The RCEP is viewed as a major alternative to the TPP, the 12-nation trade pact agreed last year and then dealt a massive blow by the withdrawal in January of the United States as one of the first acts by US President Donald Trump.
The RCEP is “the only game in town given the current negotiations of the TPP,” said Philippine trade undersecretary Ceferino Rodolfo.
Economic ministers from the 16 nations were meeting in Manila as part of the 49th Asean Economic Ministers Meeting and Related Meetings.
The gathering was also the fifth ministerial meeting for the RCEP, for which negotiations began in 2013.
The RCEP participating countries abandoned the target of concluding the negotiations within this year due to differences in tariff reduction or elimination targets, as well as services to be opened up, according to Rodolfo.
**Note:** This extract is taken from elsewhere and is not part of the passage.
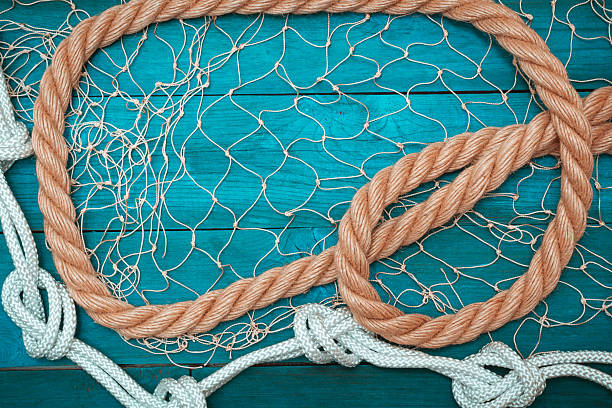 istock Marine Network and rope on white old boards 531707680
Instead, they aim to achieve a “substantial conclusion” or “a significant breakthrough” when the leaders of Asean and their dialogue partners meet in November.
“With the 20th RCEP Trade Negotiating Committee negotiations next month (in South Korea), as well as the Leaders’ Meeting in November, all countries are hard at work to resolve the key outstanding issues in the negotiations,” Rodolfo told a news briefing earlier in the day.
“…at this critical juncture where there is a general slowdown in growth across the world and rising protectionist mindset, it is important for the RCEP to step up and set the example for the pursuit of freer trade,” he also said, speaking on behalf of the Philippine government, which is chairing Asean activities this year.